Untuk menyimak stabilitas sistem keuangan bisa dilihat dari dua aspek yaitu institusi keuangan yang stabil yang ditandai dengan industri perbankan yang sehat sehingga tidak ada bank yang collapse. Kondisi ini meningkatkan kredibilitas dunia perbankan di mata masyarakat sehingga mendorong masyarakat memakai jasa perbankan, seperti tabungan dan deposito. Aspek lain yang menunjukkan stabilitas sistem keuangan adalah kondisi pasar yang stabil yang tidak menimbulkan gejolak harga.
Instabilitas sektor keuangan sendiri dipicu oleh berbagai faktor yang menjadi penyebab dan dampak dari gejolak yang ditandai dengan kegagalan pasar yang bersifat struktural dan perilaku pasar. Kondisi ini bisa bersumber dari luar (internasional) dan dari dalam (domestik). Dampak dari instabilitas merupakan risiko terhadap kredit, likuiditas, pasar dan operasional.
Stabilitas sistem kuangan yang terganggu, misalnya terhadap dunia perbankan, karena krisis moneter seperti yang dialami Indonesia tahun 1997-1998 harus dibayar mahal.
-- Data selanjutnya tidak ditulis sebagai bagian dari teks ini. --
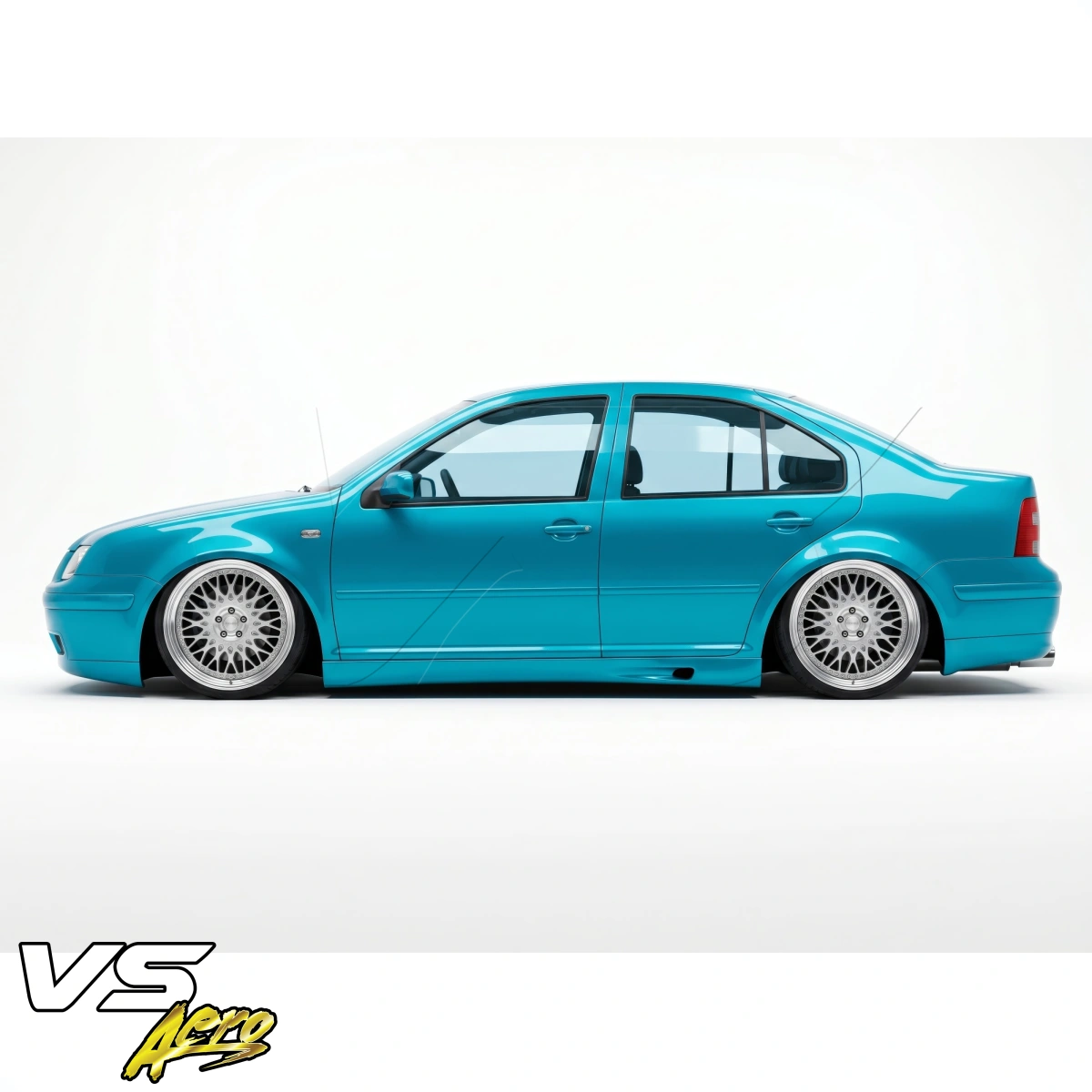 Modify your Volkswagen Jetta 1999 with our Exterior/Side Skirts - 31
Upaya untuk mengatasi kriris perbankan wakut itu menghabiskan dana sebesar 34,5 persen dari PDB (produk domestik bruto yaitu nilai pasar semua barang dan jasa yang diproduksi oleh suatu negara pada periode tertentu yang merupakan salah satu cara untuk menghitungpendapatan nasional).
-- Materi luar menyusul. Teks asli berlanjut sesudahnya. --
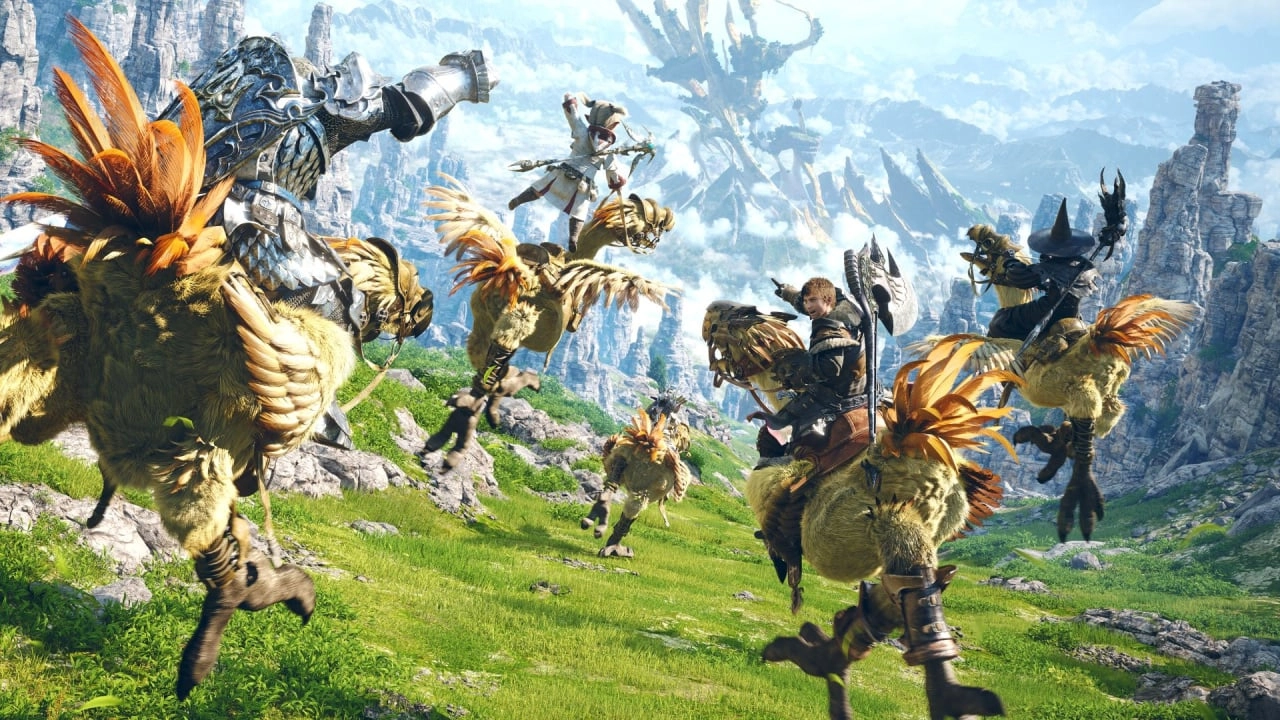 Final Fantasy XIV Aims for Nintendo Platform Launch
Jika salah satu elemen yang menjaga stabilitas keuangan terganggu atau tidak berfungsi dengan baik, maka elemen lain akan terpengaruh. Misalnya, tingkat inflasi yang tinggi dapat membawa konsekuensi pada kebijakan uang ketat (tight money policy), peningkatan suku bunga, dan menambah jumlah kredit bermasalah. Kondisi ini pada akhirnya akan memicu kegagalan bank dan lembaga keuangan lain di sektor keuangan.